#### Collected data
Content starts
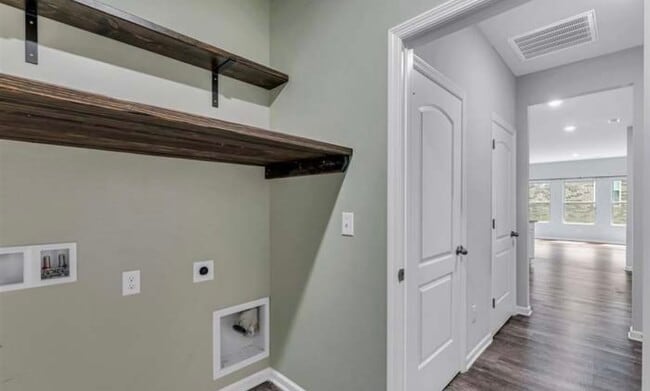 Laundry Room - 109 Fellington Ct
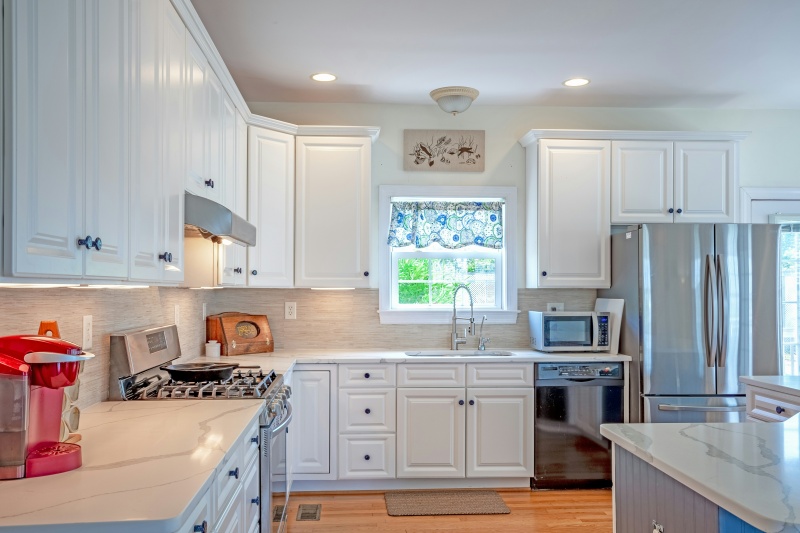 Stylish raised panel cabinet construction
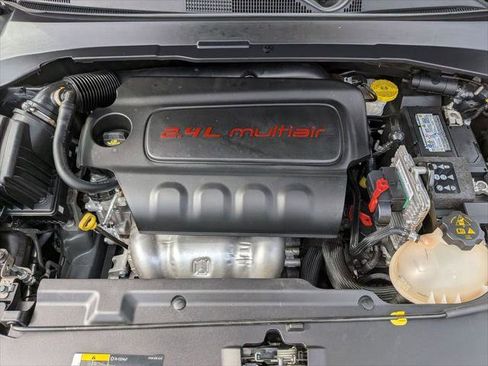 Certified 2022 Jeep Compass Trailhawk w/ Sun and Sound Group AWD/4WD image 28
Content ends
For this exercise, retype the listing above word for word and omit the pictures.

 Laundry Room - 109 Fellington Ct
 Stylish raised panel cabinet construction
 Certified 2022 Jeep Compass Trailhawk w/ Sun and Sound Group AWD/4WD image 28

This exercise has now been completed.